From the priest’s chants, it appears that it is yet another feast day? So I limit the external work to reducing the large pile of branches outside the house to sackloads of sticks which I store in the backroom – and to carrying the very light stuff to the track at the bottom of the garden for burning. No power saw today! I don’t want to scandalise the neighbours!
I’m glad that Craig Murray is back blogging again – after some major house rehabilitation apparently. He has a brief remark on the UK Coalition budget which has just announced 100 billion of public spending cuts over the next 4 years.

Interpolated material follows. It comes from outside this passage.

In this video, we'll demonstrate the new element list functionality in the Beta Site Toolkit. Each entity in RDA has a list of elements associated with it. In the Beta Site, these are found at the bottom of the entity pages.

The Comprehansive Spending Review announced today is designed to bring public spending back to the same level in real terms that it was in 2006/2007. It is not radical. It is not nearly radical enough. The state sector is much.much too large in this country. We could have a much smaller public sector which at the same time was much more effective at wealth redistribution. 500,000 public sector job cuts hardly scratches the surface of needed reductions in our ludicrous bureaucracies. The Private Finance Initiative, Internal Market mechanisms, fee and academy schools - and their hordes of accountants and administrators should all go and be replaced bysimple direct provision of necessary services. Local income tax should fun over half of public spending, decided upon and provided close to the point of delivery. And the UK should be broken up anyway.Murray does know what he’s talking about – having been an HM Ambassador and also Vice-Chancellor of a University.
There is some confusion about how much of the financial debt of the british Government comes from the banking bailout; how much from the significant increased public spending of the previous 5 or so years which Brown chose and thought would be covered by economic growth which was torpedoed by the global meltdown; and how much from the welfare consequences of the economic decline of the past 2 years. But a recent blog did an excellent job of exposing some myths being perpetrated by the government. And the BBC economics correspondent - Stephanie Flanders - whose blog I have only today discovered - cast the appropriate light on the confusion. And it is consistent with Craig Murray's argument.

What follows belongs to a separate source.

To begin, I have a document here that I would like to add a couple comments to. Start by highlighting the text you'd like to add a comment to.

What, however, seems clear is that the coalition is using the consensus about the crisis to push through an ideological agenda. The maverick John Grey has a good post on this. And both the increase in the budget of the International Development Department and the sacle of the cutback of the BBC budget are proof of that.
Prospect magazing gives an interesting insight into how of the influentials see the problem and its solution - as well as an overdue comment about the money which tighening up tax avoidance could realise.
I thought something interesting was going to happen when 37 Conservative MPs indicated they would vote last week against the latest, utterly unacceptable demand from the EU for an increased budget. But it was not to be. What sort of planet is the European Commisison living on to expect increased budget when all members are reducing their budgets – and what sort of pusillanimous creatures are the various EU national governments made of to accept increased payments to a system which pays its officials such salaries, pensions and severance payments???? Actually it's worse than that - the EU for leading member state politicians and officials is like heaven - a better place to go after their life in national systems finished. So they have an interest in the totally immoral level of payments - open and hidden.